I think it's a bit confusing.  It also defines a term that is
a different concept than the body-part syntactic object, which has
semantics which do not apply to messages.


What semantics does it have that don't apply to MIME messages?

Again, syntax and semantics are getting confused. Body parts can have
non-content headers, but such headers do not tie into the body in any way.

"X-" headers in a body-part nonterminal are specifically allowed to
have private meanings.


Of course. But they don't have any meaning that's defined in MIME. And that's
all that matters here.

The problem is that we define rules for body parts that have to
apply to both the multipart and single part cases but don't apply to
all entities.

Could you give me an example of such a rule?


Any rule that defines something specific to MIME represents such an example.
Entities can be messages and messages don't have to be MIME messages, hence
MIME rules don't necessarily apply to all entities.

Here's another difference in paradigms.  In my paradigm, MIME rules
apply to all messages.  None of my MIME parsers ever look for
MIME-Version.


The Working Group rejected exactly this paradigm some time ago, preferring
instead to go with the approach of MIME messages being a proper subset of
RFC822 messages.

The MIME standard certainly permits this.  The MIME rules are
constructed such that if there are no Content-* headers, the MIME
rules are identical to the RFC 822 rules.


It does indeed permit this, because this is the way we originally planned
to do it.

RFC 1049 Content-Type:
headers are not syntactically legal MIME Content-Type: headers, so a
MIME reader has the freedom to treat RFC 1049 Content-Type: headers as
it likes.


Not if it treats all messages as MIME messages.

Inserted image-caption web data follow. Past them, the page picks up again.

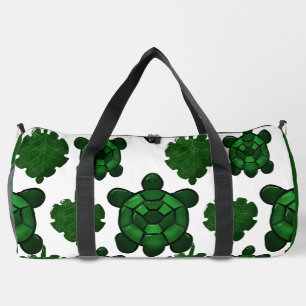 Süßes Schildkröten- und Blätter-Muster Duffle Bag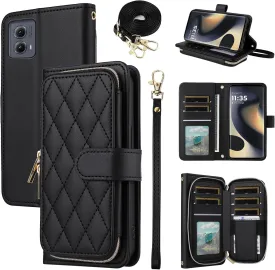 Argyle Wallet Case for Motorola Edge 5G 2024 with Wrist Strap Shoulder Strap, 9  Card Slots Zipper Purse Luxury PU Leather Stand Checkered Cell Phone Cover for Moto Edge2024 Women Girls Black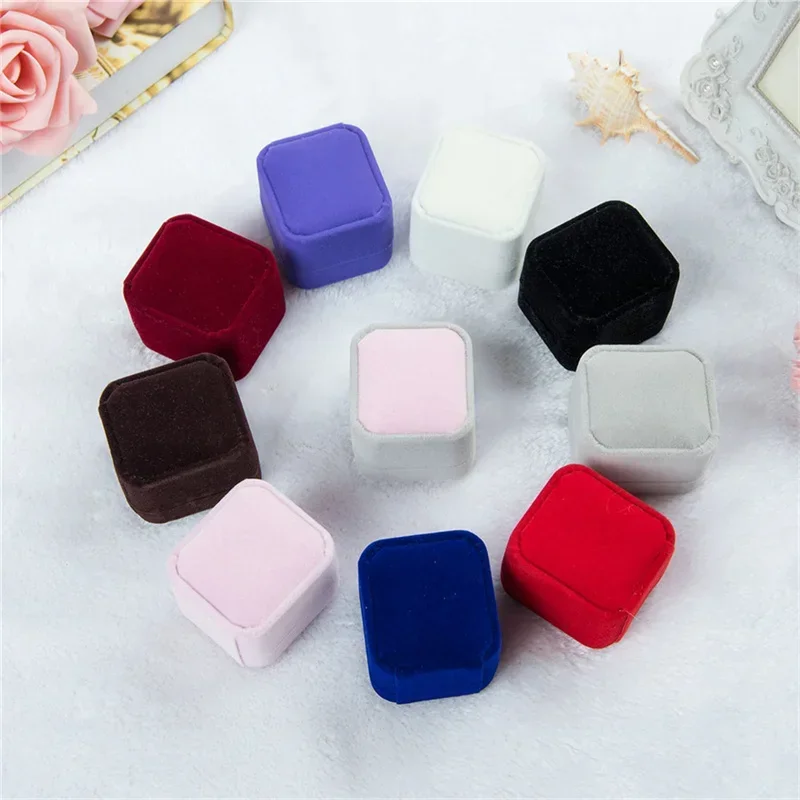 

Rounded Flannelette Ring Box Flocking Jewelry Box Ring Stud Badge Storage Box Ring Jewelry Organizer Organizador De Joyas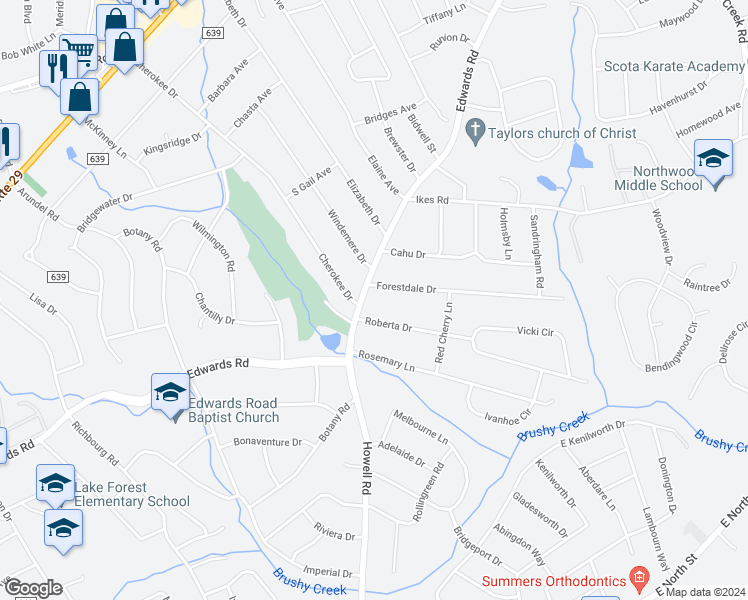 map of restaurants, bars, coffee shops, grocery stores, and more near 5 Roberta Drive in Greenville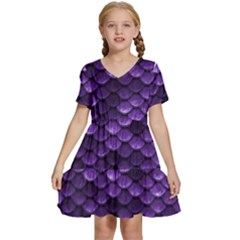 Purple Scales! Kids  Short Sleeve Tiered Mini Dress by fructosebat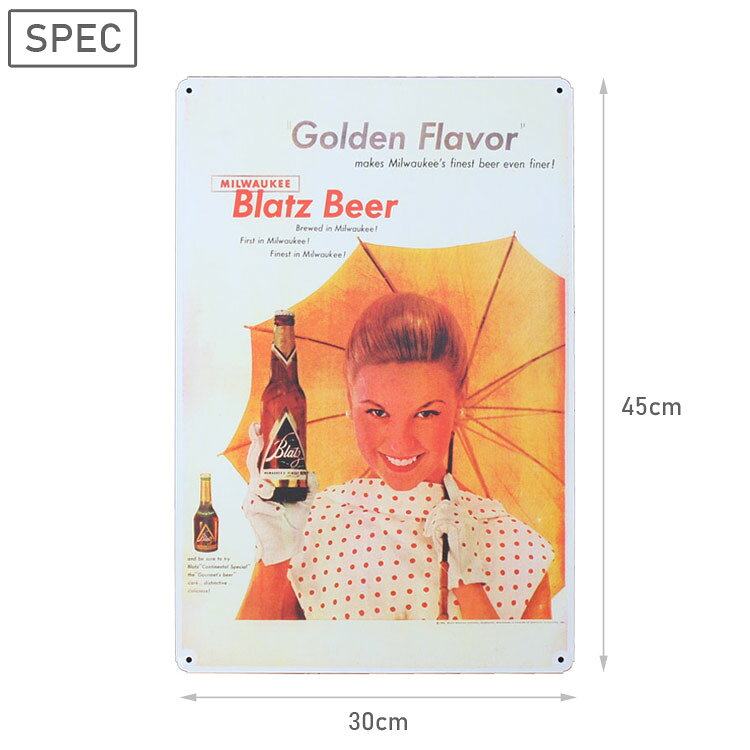 レトロブリキ看板 広告デザイン Blatz Beer 縦45cm×横30cm スチール製 [2]
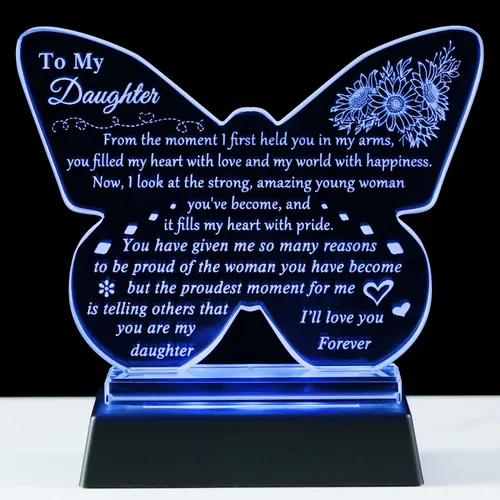 Miniatura 8 de YWHL Regalo para mi Hija de Papá Mamá, Mejores Regalos de Cumpleaños para Hija Adulta, Recuerdo de Vidrio en Forma de Mariposa con Base de Luz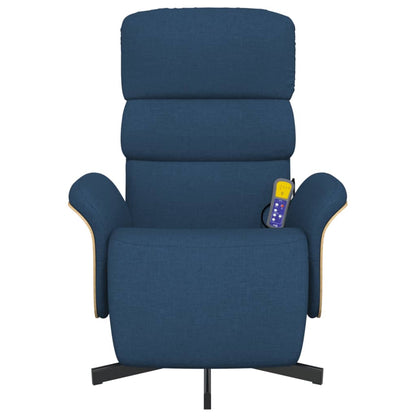 Massagesessel mit Fußteil Blau Stoff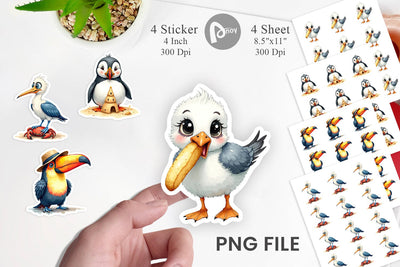 Sticker Derpy Beach Birds Sublimation artnoy 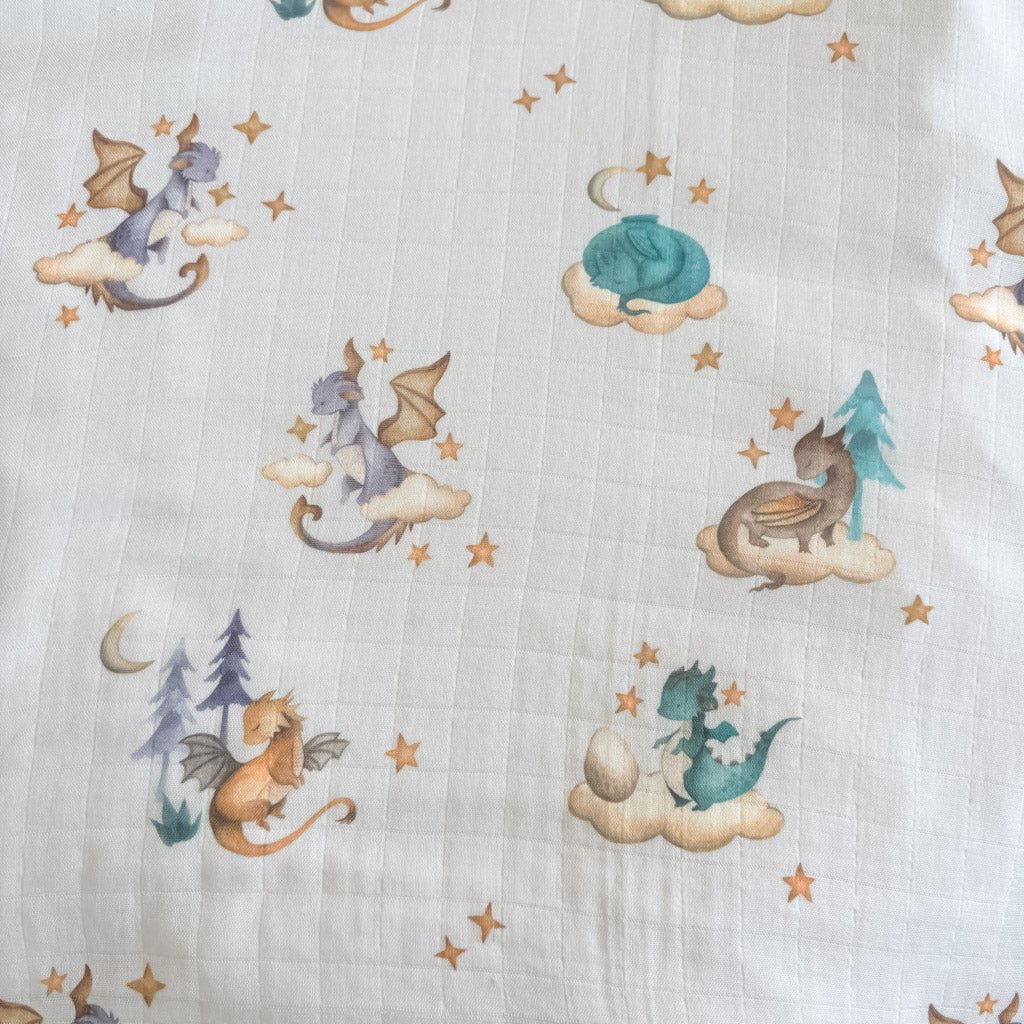 DRAGON | Bamboo Cotton Muslin Swaddle - Smitten Bub Co.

Even with the definition of "body part" in
draft-ietf-822ext-mime-imb-03.txt, messages which "aren't MIME
messages" have associated body parts.  Take the (presumably zero)
content headers of the message, along with the body and there's your
"body part".


Sure. This can happen in MIME messages as well.

If a message doesn't have a MIME-Version, then a receiving UA has the
option, given in section 6 of the message bodies document, of ignoring
all rules in MIME applying to the message body, including any rules
imposed by the fact that the message is an entity.


Sure, but so what?

      entity = *field [ CRLF *OCTET ]

It then follows that "message" and "body-part" are subsets of
"entity".


This is OK syntactically, but loses seriously on the semantics front. I
don't see any way of making this change without making things even more
confusing.

How does it lose?  You apply all the rules that you want for both
messages and body-parts, including the various Content-* headers, to
entities.  It appears to me to be a semantic win.


Because it blurs the distinction between body parts and messages.
The early MIME work presented us with substantial evidence that losing
this distinction is very bad.

bodies are no longer restricted to 7bit data, so "*text" isn't
appropriate.


Neither is the original definition then. I'll change it to read:

The original definition of message from 822 was specific to 7bit data.
MIME expanded this in prose, but not in BNF, to be *OCTET.

By the way, I neglected to formally define OCTET.


I already corrected this omission.

                                Ned